» **Data shown**
______________________________

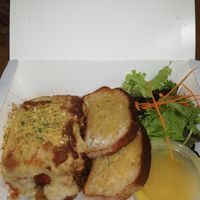 Moussaka at iVegan in Makati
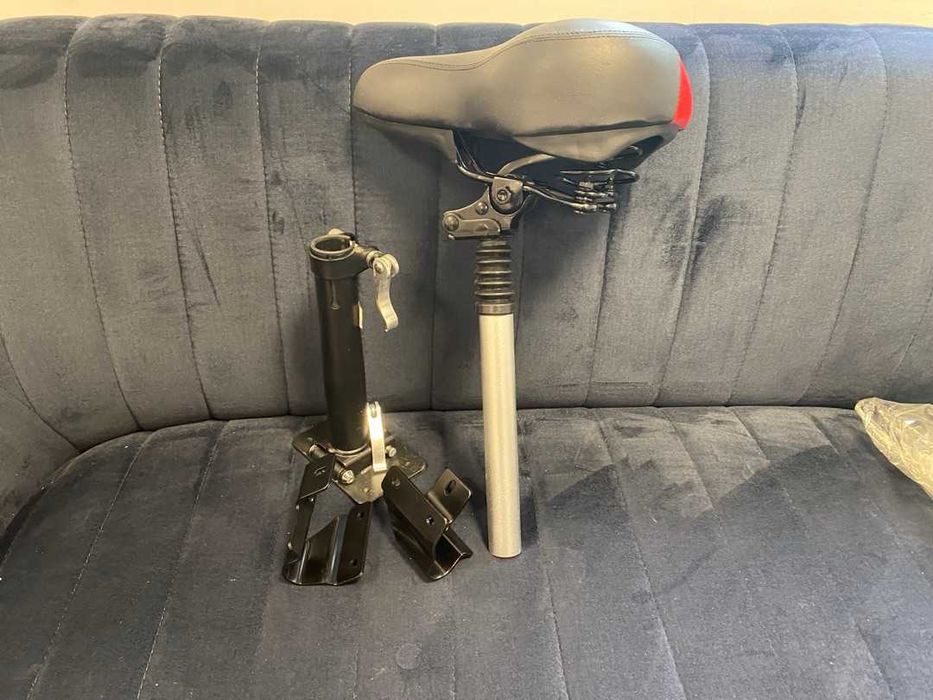 Amortyzowane siodełko do hulajnogi elektrycznej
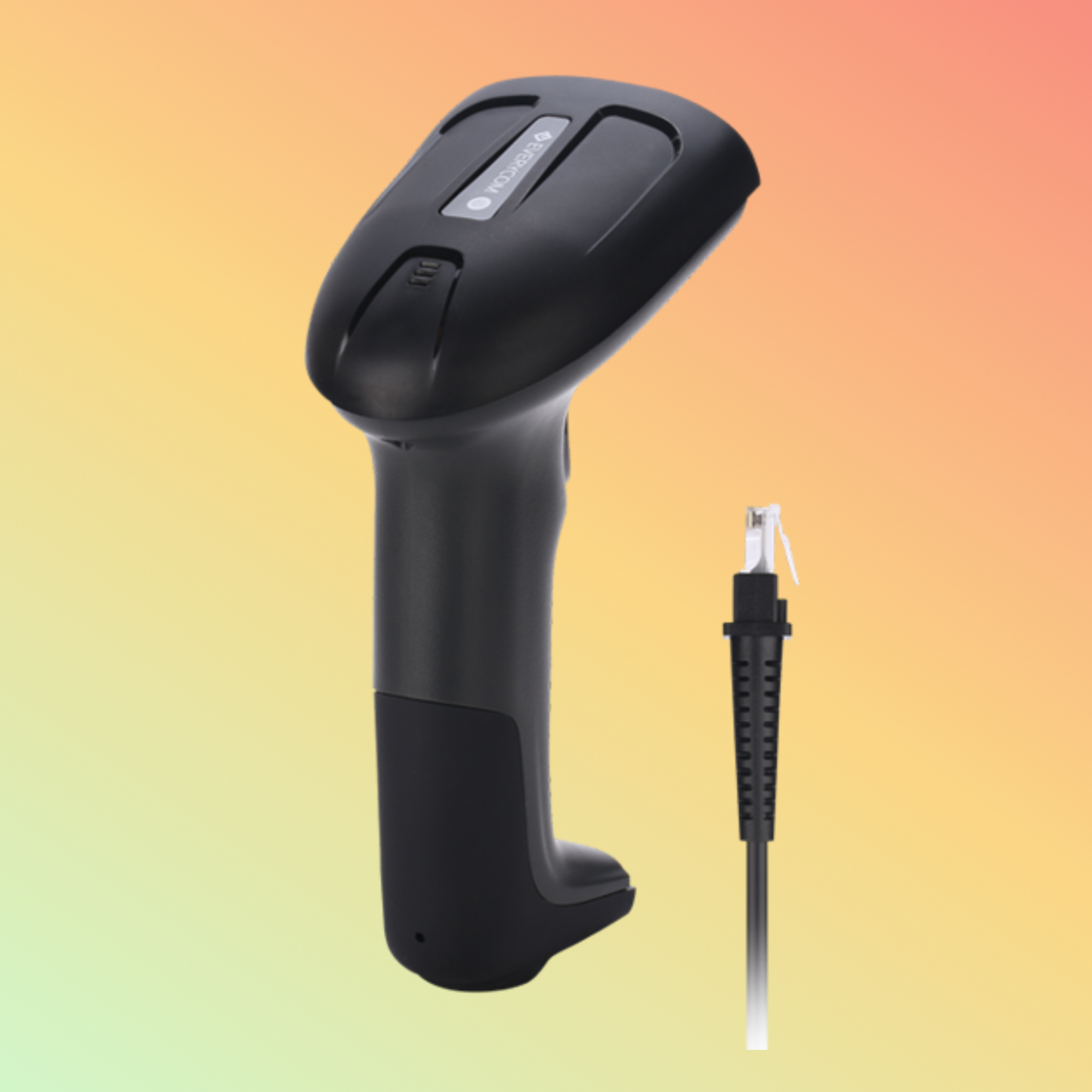 Everycom BS4000 Wired 2D QR & Barcode Scanner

______________________________

» **Task instructions**
The listing above must be repeated exactly, apart from the pictures.

» **Reply to the task**
 Moussaka at iVegan in Makati
 Amortyzowane siodełko do hulajnogi elektrycznej
 Everycom BS4000 Wired 2D QR & Barcode Scanner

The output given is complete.